Development EditInitial MIT concepts for a lightweight "assault" mask with a side-mounted canister ranged from the creative to the bizarre. By June 23, 1943, the bulk of the experimentation was nearing a conclusion and the final pattern for the defining features of an 'assault' mask were realized. These principles involved a side-mounted canister that integrated with the existing deflector channels of a standard service mask facepiece, the canister being 60mm threaded and replaceable, and the carrier being waterproof and convenient to carry.
The concept which would go on to be developed further was known as the E4R3-E1R6-E1R3 - the E4R3 facepiece design took a standard Class 'B' Gray M3 Service Mask Faceblank, removed the hose stem, a 2" slot cut in the left deflector channel from the outside, and a blanking plug and canister port were re-vulcanized onto the existing faceblank, allowing for the 60mm E1R6 Canister to thread into the side of the mask and the incoming air channeled into the usual deflector tubes without entering from the bottom. The E1R3 Carrier was made of waterproof, cotton duck canvas, coated on both sides with butyl rubber, whose opening flap was rolled uprightly and closed with 4 ball-and-socket type 'DOT' button fasteners along the exterior.
The MIT E4R3-E1R6-E1R3 was given a limited procurement contract of 250,000 specimens on October 15, 1943, where 1,282 masks were delivered in December of that year. On January 21, 1944, the E3R4 was re-designated the E6-3-7 and continued testing until April of 1944. The E7 Carrier differed little from its prototypical counterpart, and sometime after January 1944, it was recommended that the 4 DOT button fasteners be replaced with 3 'Lift-The-Dot' fasteners, and the carrier be widened by 1/2" width-wise, and 1½" length-wise, resulting in the E7R1 Carrier.
Additionally, the normal M7 Head Harness was found to insufficiently support the E3 Canister while in use, and so the introduction of a canister-supporting nape strap resulted in the C4 Head Harness, and this plus the introduction of slightly smaller faceblank resulted in the E6R1 Facepiece.

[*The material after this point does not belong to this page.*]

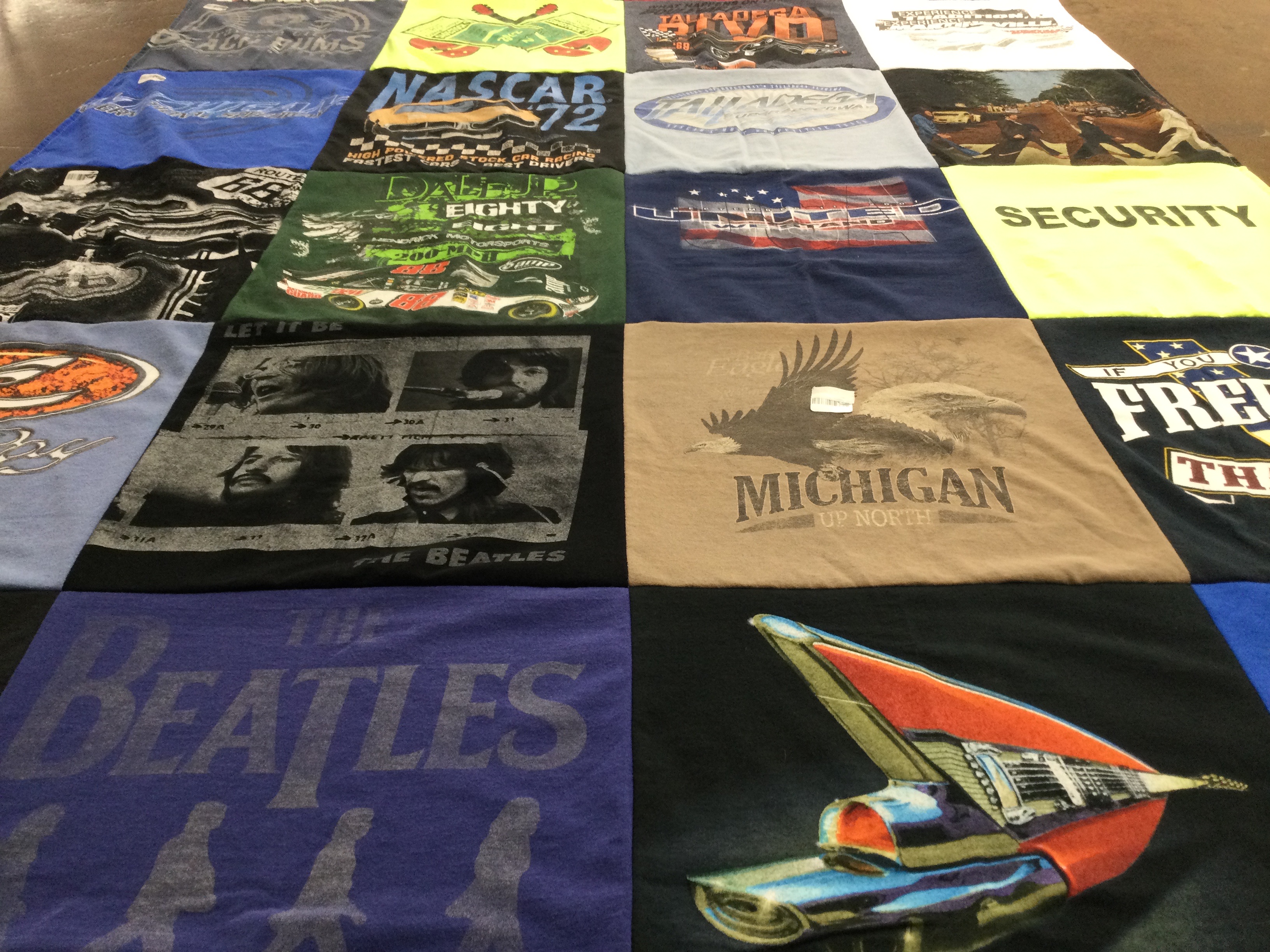 T-shirt quilt with cars, music themes by Amy from MI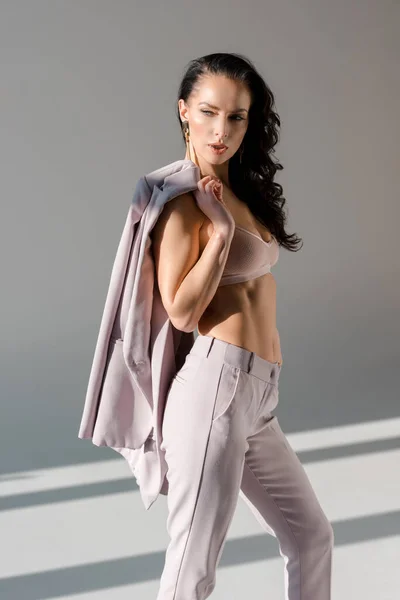 Sexy e elegante mulher no sutiã segurando jaqueta no fundo cinza — Fotografia de Stock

Despite the presence of the upgraded M7 (E7R1) Carrier being procured by Spring of 1944, and the recommendation to finalize the E6R1-3-E7R1 as the M5-11-7 on May 26, 1944, the plan was set back as the large-scale procurement of 398,462 E6-3-7 Assault Masks was set into production after February 1944, with enough available to go into action during the invasion of Normandy, June 1944.
E6-3-7 Assault Mask Edit
The E6-3-7 initially issued E6R1 Masks utilizing Class 'B' Gray Natural Rubber M3 Faceblanks, however existing stocks of these Gray Rubber M3 Faceblanks were diminishing due to Japanese control over the Pacific cutting the U.S. off from natural rubber, and the procurement of M3-10A1-6 Lightweight Service Masks made of black government rubber neoprene (artificial rubber) after May of 1943 allowed the E6 Mask to be produced of said neoprene M3 Faceblanks. The neoprene E6R1 Facepiece (still referred to as E6 during issue) would fill the bulk of the E6-3-7 Assault Masks issued during the Normandy beach landings and used well into Holland while the E6R1-E3-E7R1 was waiting to be finalized as the M5-11-7 Combat Service Mask.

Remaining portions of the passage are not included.